The second 60-minute session (yes, I was still watching the clock) was perfect for a group of limber, bendable yogis was looking for.  Everyone in class was as flexible and limp as a strand of spaghetti; I was no exception.  There was only one problem: I was the only strand of spaghetti who didn’t get to spend 12 minutes submerged in a pot of boiling water before class. 
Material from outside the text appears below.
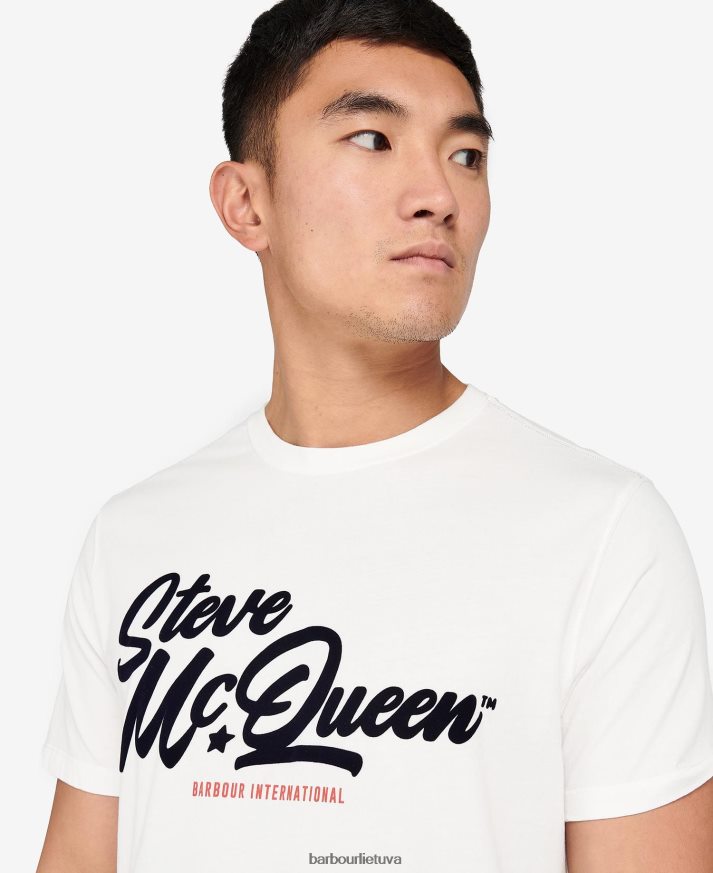 apranga Barbour Murrey grafiniai marškinėliai šnabžda balta vyrų 6F6D80855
The non-stop regimen of bend this, bend that, put-your-left-hand-on-the-yellow- circle-and-your-right-foot-on-the-blue took its toll.  At some point during the assault the instructor dropped a block on my mat as I was sweating profusely trying to touch the back of my head with one of my ankles.  (Apparently the block—hard foam about the size of a brick--is used in yoga for practitioners to compensate for any physical limitations they may have.  I wouldn’t know, as my pride wouldn’t let me stoop to such desperate measures.)  A couple of minutes later the instructor passed by my mat again and nudged the block with her foot up against my side.  However, I refused to admit defeat and continued trying to wrap my right leg over my left shoulder without that damn block.  It wasn’t long before she made a third pass by my mat, leaned over and whispered in my ear: ‘Are you hurt?’  ‘No,’ I replied.  I lied.  I would like to add that somehow, some way I also survived, blocks be damned.

Session # 3 – The Wallenda Hour

All that was required for the third 60-minute drill was some semblance of balance.  Therein lies the first problem: When I was born and fell out of the Balance Tree I managed to miss every single branch on the way down.  The second problem was that the balance portion of the program immediately followed 20 minutes of bending and stretching that pretty much sucked every ounce of energy out of both legs.  So when the instructor had us on our feet the final 40 minutes of the evening—and by ‘feet’ I actually mean ‘one foot at a time’—things got ugly.  As you may remember I mentioned I had the good foresight at the very first session two weeks ago to place my mat next to the wall.  Tonight that decision paid huge dividends.  If not for the wall, I would have spent the last 40 minutes on my ass.  (I wasn’t kidding when I said I missed every single branch.)  I heard the man on the mat next to me being told by his wife the trick to maintaining balance was to focus your eyes on a specific spot on the wall.  Let me be the first to say simply placing my left hand on a specific spot on the wall proved to be a viable and simpler alternative.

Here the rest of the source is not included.